Rowlee Lecture to examine mathematician's final writings

George Eyre Andrews
George Eyre Andrews

The final writings of mathematician Srinivasa Ramanujan are the focus of the 2013 Howard Rowlee Lecture, 4 p.m. April 25 in 115 Avery Hall. The talk, "Ramanujan's Lost Notebook and its Mysteries," will be led by George Eyre Andrews of Penn State University.

The talk is free and open to the public.

The topic grew from research conducted by Andrews in 1976 while at the Trinity College Library in Cambridge, Mass.
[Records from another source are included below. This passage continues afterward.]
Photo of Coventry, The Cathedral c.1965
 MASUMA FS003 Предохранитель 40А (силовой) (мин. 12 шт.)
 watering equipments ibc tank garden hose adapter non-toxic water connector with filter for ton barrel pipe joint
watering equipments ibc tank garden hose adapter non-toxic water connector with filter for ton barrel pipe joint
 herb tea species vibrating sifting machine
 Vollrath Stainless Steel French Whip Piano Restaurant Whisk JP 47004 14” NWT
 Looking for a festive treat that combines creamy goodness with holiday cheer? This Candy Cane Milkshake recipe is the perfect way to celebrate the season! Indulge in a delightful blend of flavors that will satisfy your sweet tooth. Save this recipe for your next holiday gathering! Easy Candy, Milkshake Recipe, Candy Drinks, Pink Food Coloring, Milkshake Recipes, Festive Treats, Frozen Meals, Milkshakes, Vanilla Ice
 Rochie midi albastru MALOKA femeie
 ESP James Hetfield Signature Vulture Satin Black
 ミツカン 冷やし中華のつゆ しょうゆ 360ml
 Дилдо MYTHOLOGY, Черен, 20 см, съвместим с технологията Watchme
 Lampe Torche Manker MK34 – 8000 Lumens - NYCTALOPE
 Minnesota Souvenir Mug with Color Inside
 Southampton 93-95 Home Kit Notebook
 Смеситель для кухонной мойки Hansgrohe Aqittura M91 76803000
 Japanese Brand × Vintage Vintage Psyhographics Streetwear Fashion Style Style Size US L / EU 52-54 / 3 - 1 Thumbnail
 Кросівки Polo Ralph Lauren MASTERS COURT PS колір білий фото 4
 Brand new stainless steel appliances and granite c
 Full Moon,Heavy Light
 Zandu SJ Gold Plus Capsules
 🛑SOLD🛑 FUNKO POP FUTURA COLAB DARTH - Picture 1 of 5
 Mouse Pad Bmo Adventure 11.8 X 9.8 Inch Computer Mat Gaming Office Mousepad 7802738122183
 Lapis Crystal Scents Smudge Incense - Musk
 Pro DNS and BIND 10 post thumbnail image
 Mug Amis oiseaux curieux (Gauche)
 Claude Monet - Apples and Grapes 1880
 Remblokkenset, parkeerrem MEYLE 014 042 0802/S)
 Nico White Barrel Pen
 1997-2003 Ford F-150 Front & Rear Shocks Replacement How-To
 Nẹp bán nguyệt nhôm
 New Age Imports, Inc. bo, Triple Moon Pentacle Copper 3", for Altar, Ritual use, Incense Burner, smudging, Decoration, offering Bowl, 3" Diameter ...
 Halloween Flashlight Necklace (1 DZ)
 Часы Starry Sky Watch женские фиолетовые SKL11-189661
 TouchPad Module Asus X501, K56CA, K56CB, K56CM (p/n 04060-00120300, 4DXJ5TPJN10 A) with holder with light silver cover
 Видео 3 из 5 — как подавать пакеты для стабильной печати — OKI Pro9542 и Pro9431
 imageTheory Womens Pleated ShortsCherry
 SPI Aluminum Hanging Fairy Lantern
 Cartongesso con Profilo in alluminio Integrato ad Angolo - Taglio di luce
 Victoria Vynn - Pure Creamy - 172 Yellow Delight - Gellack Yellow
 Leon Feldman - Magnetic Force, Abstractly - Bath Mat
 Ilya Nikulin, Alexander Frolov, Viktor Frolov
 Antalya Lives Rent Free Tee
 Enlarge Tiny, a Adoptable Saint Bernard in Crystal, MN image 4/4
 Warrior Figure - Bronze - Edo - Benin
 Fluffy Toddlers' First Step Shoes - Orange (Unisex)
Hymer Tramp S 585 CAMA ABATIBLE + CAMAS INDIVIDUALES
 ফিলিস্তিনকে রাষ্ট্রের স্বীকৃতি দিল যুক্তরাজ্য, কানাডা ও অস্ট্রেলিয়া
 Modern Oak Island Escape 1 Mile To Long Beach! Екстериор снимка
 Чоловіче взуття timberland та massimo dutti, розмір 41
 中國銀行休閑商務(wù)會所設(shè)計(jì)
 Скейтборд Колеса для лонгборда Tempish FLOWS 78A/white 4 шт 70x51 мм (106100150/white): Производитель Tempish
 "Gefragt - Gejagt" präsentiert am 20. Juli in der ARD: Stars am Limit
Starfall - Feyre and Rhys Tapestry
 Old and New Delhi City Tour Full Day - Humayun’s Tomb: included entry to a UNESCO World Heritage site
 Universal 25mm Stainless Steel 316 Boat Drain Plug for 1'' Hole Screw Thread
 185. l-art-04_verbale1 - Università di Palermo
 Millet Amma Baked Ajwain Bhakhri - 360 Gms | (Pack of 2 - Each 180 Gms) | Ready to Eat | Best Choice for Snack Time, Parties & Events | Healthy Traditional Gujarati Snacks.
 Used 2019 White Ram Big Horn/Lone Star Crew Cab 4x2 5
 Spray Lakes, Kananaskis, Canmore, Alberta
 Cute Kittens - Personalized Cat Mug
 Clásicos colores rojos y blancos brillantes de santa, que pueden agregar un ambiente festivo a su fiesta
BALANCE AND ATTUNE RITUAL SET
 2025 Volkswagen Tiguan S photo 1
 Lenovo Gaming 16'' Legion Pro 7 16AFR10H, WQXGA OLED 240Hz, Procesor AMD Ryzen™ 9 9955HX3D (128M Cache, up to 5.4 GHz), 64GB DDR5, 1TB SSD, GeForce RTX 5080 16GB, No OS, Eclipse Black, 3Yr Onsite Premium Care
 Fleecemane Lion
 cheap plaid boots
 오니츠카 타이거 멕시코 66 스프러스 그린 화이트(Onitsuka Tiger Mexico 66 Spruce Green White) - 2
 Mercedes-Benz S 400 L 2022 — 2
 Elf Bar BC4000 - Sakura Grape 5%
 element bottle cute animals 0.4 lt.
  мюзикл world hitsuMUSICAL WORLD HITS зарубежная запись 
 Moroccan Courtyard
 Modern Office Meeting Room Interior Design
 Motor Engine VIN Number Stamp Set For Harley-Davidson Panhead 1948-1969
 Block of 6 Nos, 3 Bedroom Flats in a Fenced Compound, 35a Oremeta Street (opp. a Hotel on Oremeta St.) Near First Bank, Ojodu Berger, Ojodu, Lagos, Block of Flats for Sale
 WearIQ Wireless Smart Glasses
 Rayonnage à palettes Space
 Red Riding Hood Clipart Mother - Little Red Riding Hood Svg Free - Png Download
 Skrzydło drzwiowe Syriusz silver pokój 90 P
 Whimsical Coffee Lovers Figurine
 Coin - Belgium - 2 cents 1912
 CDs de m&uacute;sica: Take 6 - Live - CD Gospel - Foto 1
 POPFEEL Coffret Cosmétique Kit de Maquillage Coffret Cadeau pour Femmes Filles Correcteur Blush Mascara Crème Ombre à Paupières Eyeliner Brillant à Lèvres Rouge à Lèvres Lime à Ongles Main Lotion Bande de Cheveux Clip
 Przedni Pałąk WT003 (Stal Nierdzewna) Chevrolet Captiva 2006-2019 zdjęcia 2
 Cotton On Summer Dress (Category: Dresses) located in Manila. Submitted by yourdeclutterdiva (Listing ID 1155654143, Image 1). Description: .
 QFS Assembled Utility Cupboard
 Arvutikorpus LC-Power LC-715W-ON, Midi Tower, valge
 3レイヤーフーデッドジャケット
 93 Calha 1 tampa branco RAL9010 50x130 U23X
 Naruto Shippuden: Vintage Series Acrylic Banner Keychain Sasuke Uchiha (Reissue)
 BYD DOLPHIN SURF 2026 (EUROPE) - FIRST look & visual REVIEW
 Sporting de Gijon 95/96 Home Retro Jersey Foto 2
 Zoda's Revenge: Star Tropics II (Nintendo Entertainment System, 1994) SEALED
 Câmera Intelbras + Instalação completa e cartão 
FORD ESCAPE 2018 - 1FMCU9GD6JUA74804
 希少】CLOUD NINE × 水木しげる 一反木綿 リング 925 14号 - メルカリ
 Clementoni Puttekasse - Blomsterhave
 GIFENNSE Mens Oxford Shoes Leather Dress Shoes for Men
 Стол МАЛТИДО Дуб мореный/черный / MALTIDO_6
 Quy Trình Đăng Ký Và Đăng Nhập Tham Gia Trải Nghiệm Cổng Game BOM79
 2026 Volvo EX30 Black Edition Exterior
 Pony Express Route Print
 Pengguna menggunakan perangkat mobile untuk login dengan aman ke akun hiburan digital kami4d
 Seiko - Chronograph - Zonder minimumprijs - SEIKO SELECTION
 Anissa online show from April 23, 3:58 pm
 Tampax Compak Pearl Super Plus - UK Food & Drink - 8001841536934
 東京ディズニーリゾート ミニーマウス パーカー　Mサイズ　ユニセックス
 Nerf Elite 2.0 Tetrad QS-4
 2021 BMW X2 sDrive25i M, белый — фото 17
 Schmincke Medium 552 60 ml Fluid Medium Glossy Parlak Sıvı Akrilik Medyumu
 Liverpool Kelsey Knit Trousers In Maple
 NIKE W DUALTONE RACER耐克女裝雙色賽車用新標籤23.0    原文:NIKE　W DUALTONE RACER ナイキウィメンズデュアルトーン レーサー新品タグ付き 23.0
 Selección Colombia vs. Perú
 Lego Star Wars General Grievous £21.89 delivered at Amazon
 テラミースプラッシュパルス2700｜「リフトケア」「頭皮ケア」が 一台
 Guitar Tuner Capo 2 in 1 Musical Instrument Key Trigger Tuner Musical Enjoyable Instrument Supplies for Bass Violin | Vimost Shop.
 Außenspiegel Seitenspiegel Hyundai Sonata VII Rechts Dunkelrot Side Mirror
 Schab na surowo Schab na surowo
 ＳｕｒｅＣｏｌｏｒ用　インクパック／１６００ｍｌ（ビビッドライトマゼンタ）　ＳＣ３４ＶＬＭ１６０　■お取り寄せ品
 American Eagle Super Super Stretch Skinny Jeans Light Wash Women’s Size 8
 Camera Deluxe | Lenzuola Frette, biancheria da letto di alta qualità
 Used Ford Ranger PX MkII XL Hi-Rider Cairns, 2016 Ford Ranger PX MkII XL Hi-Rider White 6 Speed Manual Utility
He was examining papers from the estate of G.N. Watson and discovered a collection of more than 100 pages written by Ramanujan.

"Examination of the pages revealed that this work must have been written during the last year of his life in 1919-1920," Andrews said. "I dubbed this manuscript 'Ramanujan's Lost Notebook.' Up until that moment, the only information available about this time in Ramanujan's life came from an enigmatic letter that Ramanujan wrote to Hardy in early 1920. This incredible document and its quite amazing mathematics has formed a major theme in my life."

In the talk, Andrews will discuss the results of the "Lost Notebook" and subsequent implications.

Andrews is a mathematician working in analysis and combinatorics.

A donation by Howard E. Rowlee Jr. funds the lecture series. The annual lecture seeks to bring internationally acclaimed scholars in the mathematical sciences to UNL to promote public understanding of mathematical research and to stimulate the environment for mathematics research on campus.